[OpenSIPS-Users] segfault in mem/f_malloc.c
Bobby Smith
bobby.smith at gmail.com
Mon Feb 28 22:19:36 CET 2011
Yes sir.
Thanks,
BobbyS
On Mon, Feb 28, 2011 at 4:02 PM, Bogdan-Andrei Iancu <bogdan at opensips.org>wrote:
> Hi Bobby,
>
> Is this the same case as the one you reported on the SF tracker?
>
> Regards,
> Bogdan
>
> Bobby Smith wrote:
>
>> This is on revision 7081.
>>
>> It seems to be fairly consistently happening around free_dlg_dlg in
>> dlg_hash.c which is triggering it -- we have several cores showing this
>> behavior.
>>
>> What are the next steps for debugging this?

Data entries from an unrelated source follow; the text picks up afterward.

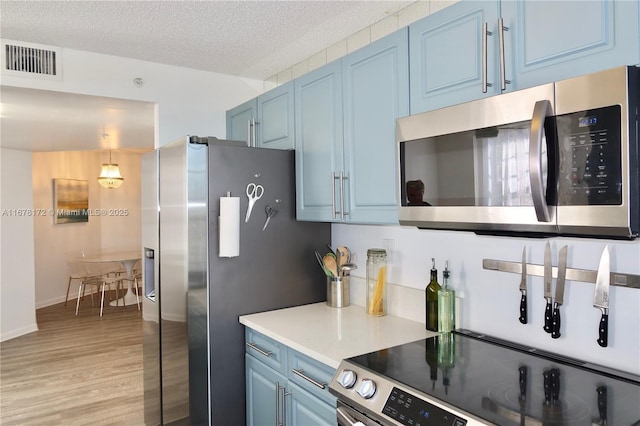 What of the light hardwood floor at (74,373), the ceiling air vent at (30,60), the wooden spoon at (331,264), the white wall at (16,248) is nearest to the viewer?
the wooden spoon at (331,264)

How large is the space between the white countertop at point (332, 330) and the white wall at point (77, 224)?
233 inches

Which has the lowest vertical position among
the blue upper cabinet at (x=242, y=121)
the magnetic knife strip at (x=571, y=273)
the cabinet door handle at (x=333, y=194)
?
the magnetic knife strip at (x=571, y=273)

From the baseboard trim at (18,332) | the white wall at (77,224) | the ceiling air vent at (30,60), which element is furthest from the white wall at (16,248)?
the ceiling air vent at (30,60)

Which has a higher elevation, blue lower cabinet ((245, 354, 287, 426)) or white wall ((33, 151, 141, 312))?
white wall ((33, 151, 141, 312))

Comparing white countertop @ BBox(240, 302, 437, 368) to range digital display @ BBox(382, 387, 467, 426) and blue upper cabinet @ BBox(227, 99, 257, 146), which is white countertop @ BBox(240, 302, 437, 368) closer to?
range digital display @ BBox(382, 387, 467, 426)

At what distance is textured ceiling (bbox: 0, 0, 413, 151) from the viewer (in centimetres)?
222

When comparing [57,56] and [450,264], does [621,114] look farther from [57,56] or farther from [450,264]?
[57,56]

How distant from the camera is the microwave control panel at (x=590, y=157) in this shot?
110 centimetres

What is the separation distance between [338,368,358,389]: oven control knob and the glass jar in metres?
0.72

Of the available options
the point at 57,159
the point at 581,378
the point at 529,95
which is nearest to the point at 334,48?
the point at 529,95

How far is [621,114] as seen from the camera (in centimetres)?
108

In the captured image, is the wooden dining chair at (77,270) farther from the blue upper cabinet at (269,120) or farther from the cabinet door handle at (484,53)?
the cabinet door handle at (484,53)

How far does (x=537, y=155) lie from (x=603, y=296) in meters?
0.58

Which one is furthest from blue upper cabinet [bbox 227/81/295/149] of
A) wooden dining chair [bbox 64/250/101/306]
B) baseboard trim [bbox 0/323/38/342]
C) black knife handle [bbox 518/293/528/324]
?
wooden dining chair [bbox 64/250/101/306] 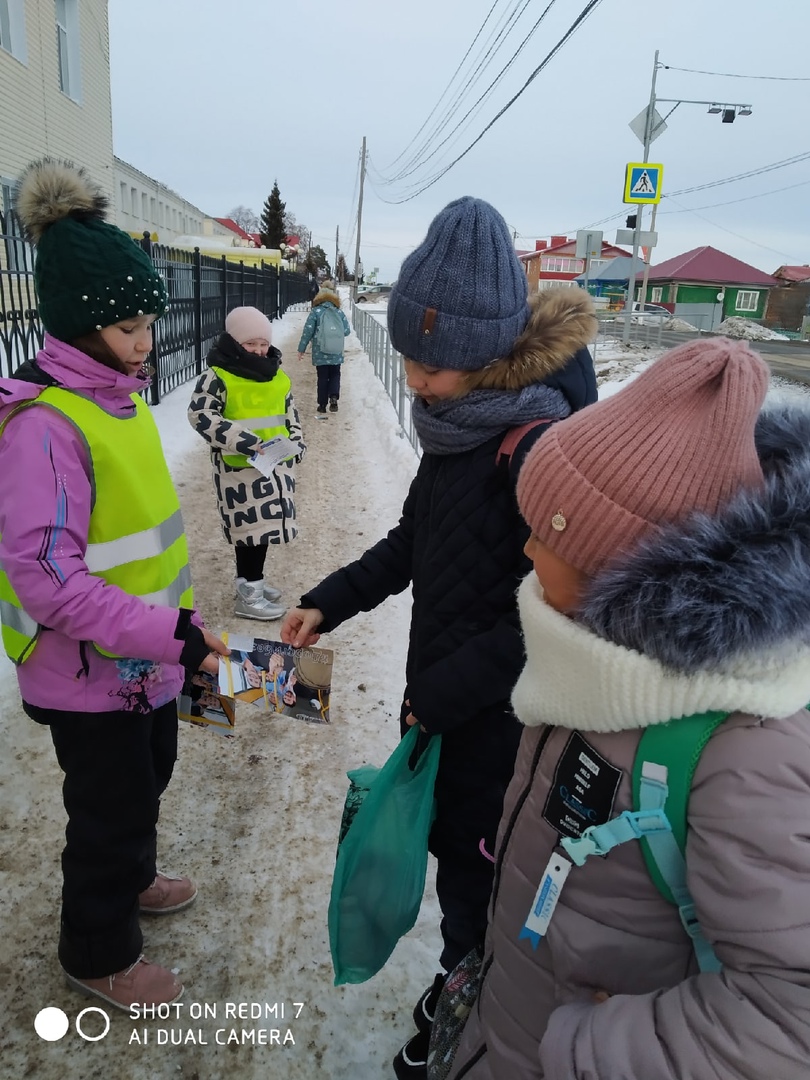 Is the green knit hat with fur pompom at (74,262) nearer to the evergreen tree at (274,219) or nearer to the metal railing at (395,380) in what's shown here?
the metal railing at (395,380)

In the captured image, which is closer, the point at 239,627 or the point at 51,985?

This is on a production
>> machine and we haven't been able to reproduce it elsewhere, so we are
>> somewhat sensitive to load issues while trying to troubleshoot this.
>>
>> Thanks.
>>
>>
>>
>> Program terminated with signal 11, Segmentation fault.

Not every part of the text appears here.